Welcome back.
So now, we're talking about Milestone Two of your project and in Milestone Two,
we're going to have you pick your country.
Now that's a process and we want you to come up with as an objective of a process,
as you possibly can.
After all, you're presenting this to your board of directors.
They need to realize that you're being thorough and
are giving a lot of thought to country that you end up selecting.
So, what we want you to do is come up with an index to rank all countries
by their relative attractiveness for your industry and your product.
So, this initial ranking should include all or most of the countries out there.
There's a lot of different sources of information that you might use to begin
this now.
There's IMF, the World Bank, The UN, The Economist,
TradingEconomics.com is another good source of information.
So, feel free to use any or all of those sources of information.
The variables that you end up using as a part of the analysis is totally up to you.
It should be a number of variables.
We won't tell you how many, as that depends on what you think.
This is about as much about you exercising your judgment and demonstrating,
you got good judgment to the board of directors as anything else.
So the variables might be economic,
particularly associated with your product though, we don't expect you
to go after proprietary data these going to cost money.

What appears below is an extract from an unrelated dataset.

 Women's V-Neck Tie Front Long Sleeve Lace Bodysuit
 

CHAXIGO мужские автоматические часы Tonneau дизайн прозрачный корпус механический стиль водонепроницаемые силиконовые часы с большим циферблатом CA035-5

So if we were doing this in the real world, we would probably be willing to
spend that kind of money and go after some very specific data that would help us rank
countries that way, but that's not our situation.
We're doing this as an exercise.
So in this case, you're going to have to come up with what are called proxies or
approximations for what you want.
And this can be pretty high-level data like if your product
is a consumer oriented product,
then use consumption expenditure at the aggregate level by country.

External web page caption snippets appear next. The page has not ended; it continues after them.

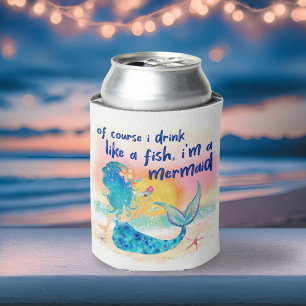 Mermaid Sea Drink Like Fish Tropical Beach Can Cooler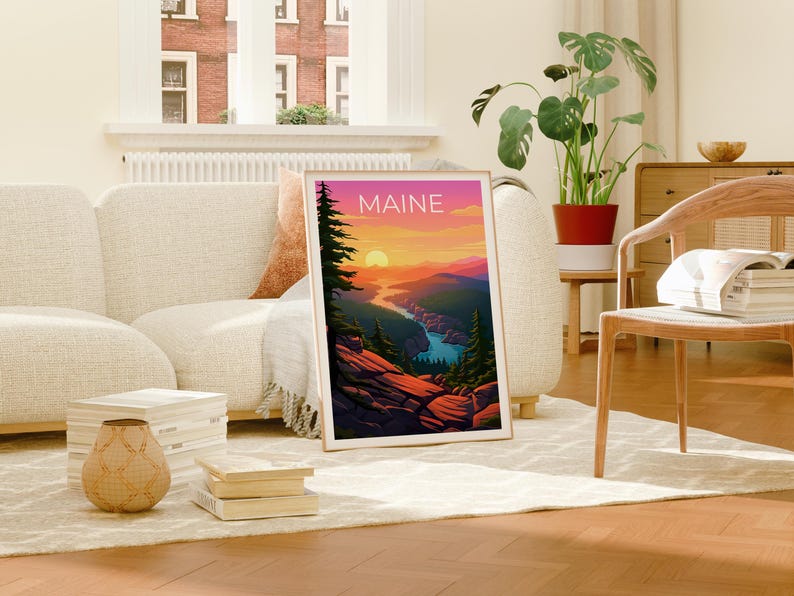 Maine Travel Print Acadia National Park Poster Cliff Wall Art Forest Illustration Maine Poster Home Decor Birthday Gift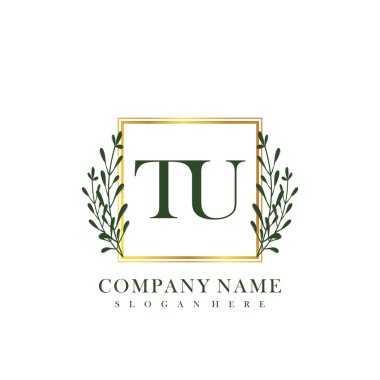 İlk harf TU güzellik el yazısı logo vektörü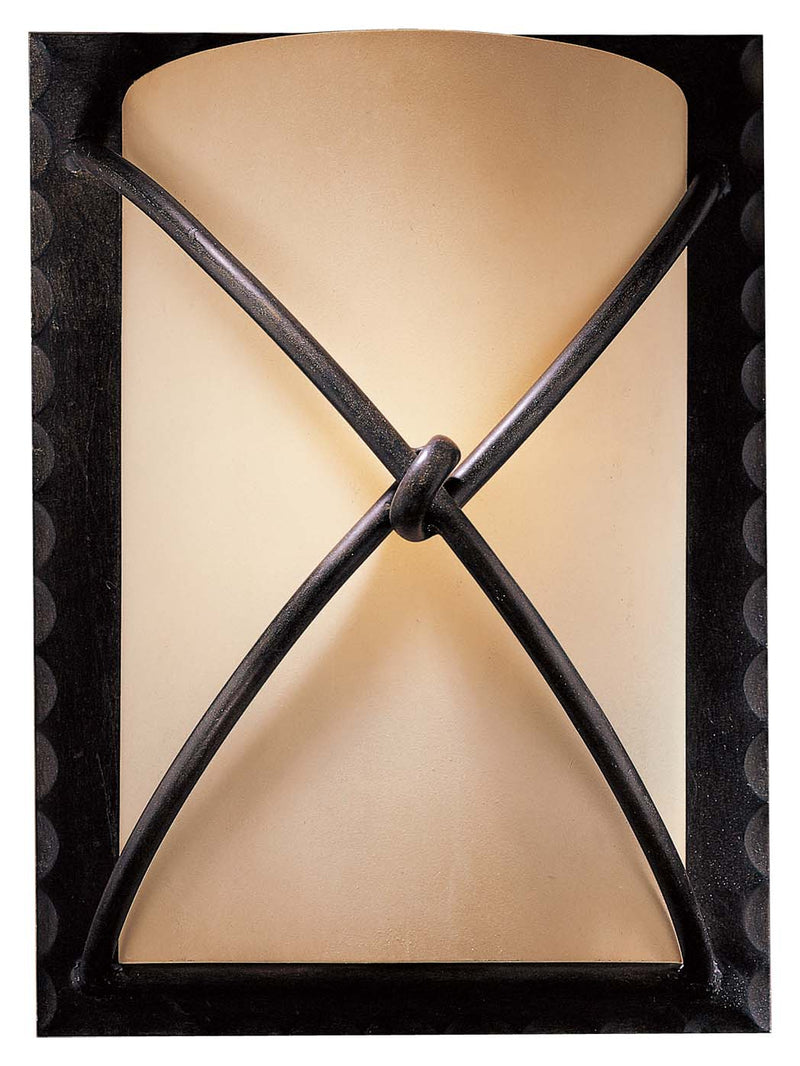 Aspen II 1-Light Wall Sconce in Aspen Bronze & Rustic Scavo Glass - Lamps Expo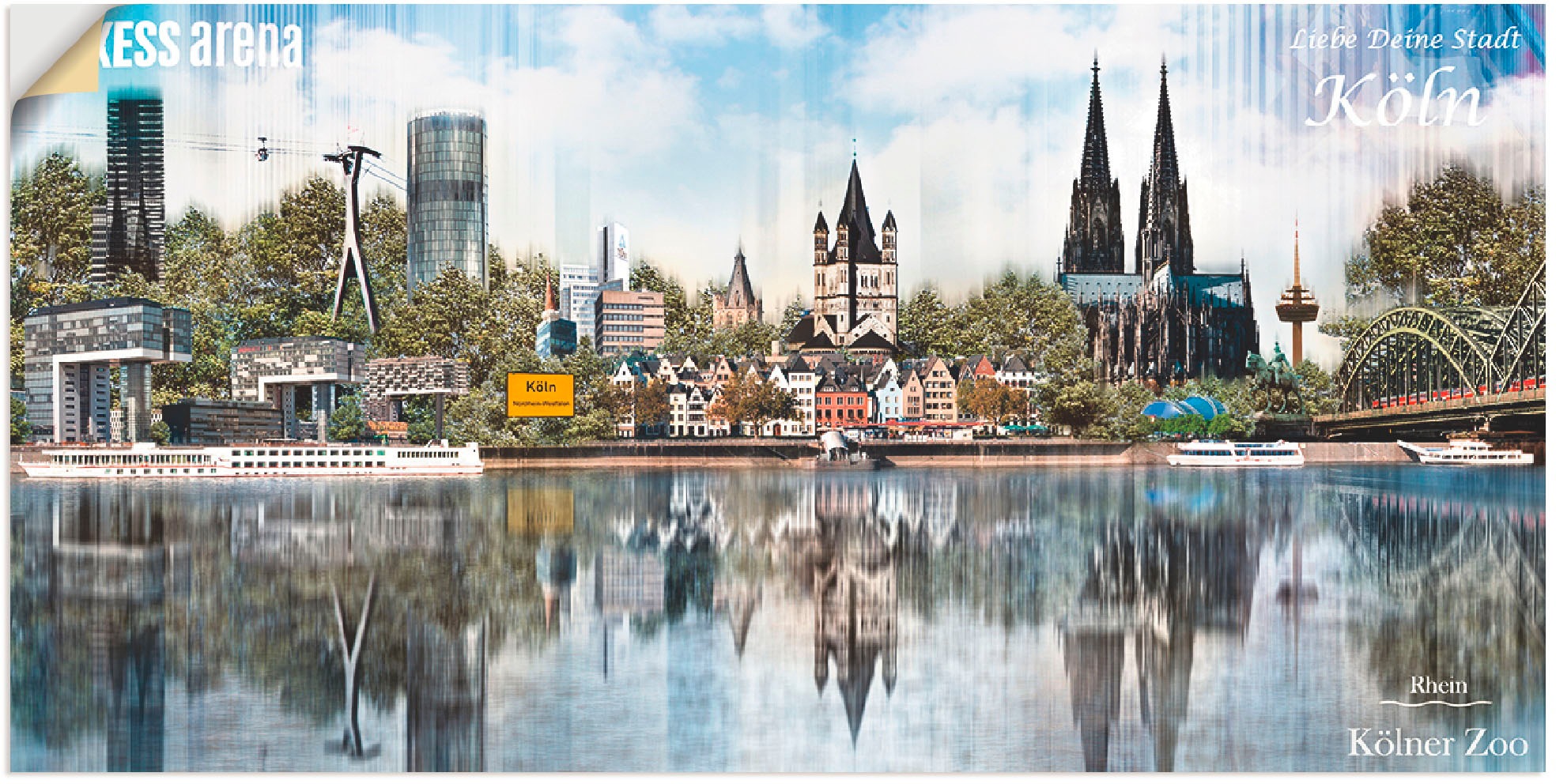 Image of Artland Wandbild »Köln Skyline Abstrakte Collage 20«, Deutschland, (1 St.), in vielen Grössen & Produktarten -Leinwandbild, Poster, Wandaufkleber / Wandtattoo auch für Badezimmer geeignet bei Ackermann Versand Schweiz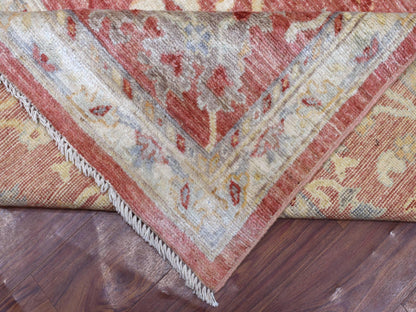 Pink 11'9" x 14'8" Oushak / Peshawar Hand knotted Wool Rug - Sku: O070140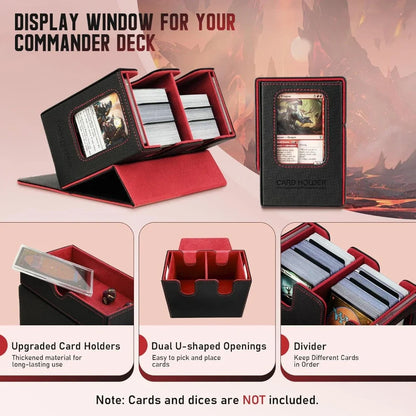 3in1 Deck Box Sports Card Storage Box Fits 200+ Single Sleeved Card Deck Case for MTG TCG CCG Cards with 4 Dividers 2 Toploaders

For instance, it might be a good way to get that variable take care of.
So you can have economical variables,
you can have political variables and business-related variables.
Those are things that are going to be completely up to you to make a decision.
You'll have to rank,
then you'll have to combine these variables into some kind of ranking.

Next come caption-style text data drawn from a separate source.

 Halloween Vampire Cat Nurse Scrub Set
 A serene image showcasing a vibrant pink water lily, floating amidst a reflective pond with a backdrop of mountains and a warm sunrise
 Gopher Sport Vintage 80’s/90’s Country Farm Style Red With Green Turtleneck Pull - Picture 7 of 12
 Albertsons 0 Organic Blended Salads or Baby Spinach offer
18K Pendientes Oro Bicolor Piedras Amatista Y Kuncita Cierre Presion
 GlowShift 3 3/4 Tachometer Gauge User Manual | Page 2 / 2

So, you want to be careful with the way that you combine the variables make sense
and can be well defended in front of your board of directors.
At the end of the process as you'll see here, I got a sample,
country ranking example table that I've just come with.
This, in this case, we have five variables.
We don't list those variables.
Of course, that would be up to you to decide and then we would weight each of
those five variables in some way that we deemed to be appropriate.
And at the end of the day, we'd have that column that is the ranking by
country going from one all the way down to the bottom to your last country.
You're going to need to,
it's going to be important that this ranking system be transparent and clear,
because it can be kind of complicated, so you want to make it simple.
You don't want to show how complex it is, you want to show how straight forward and
sensible it is to your board of directors.
You'll want to explain that waiting system briefly,
so that people can understand the rationale that you used.
And then you want to be able to demonstrate that the countries
at the top of that ranking, in particular the number one country,
which is ultimately what you are trying to identify makes sense for
your business to be the first country to expand into.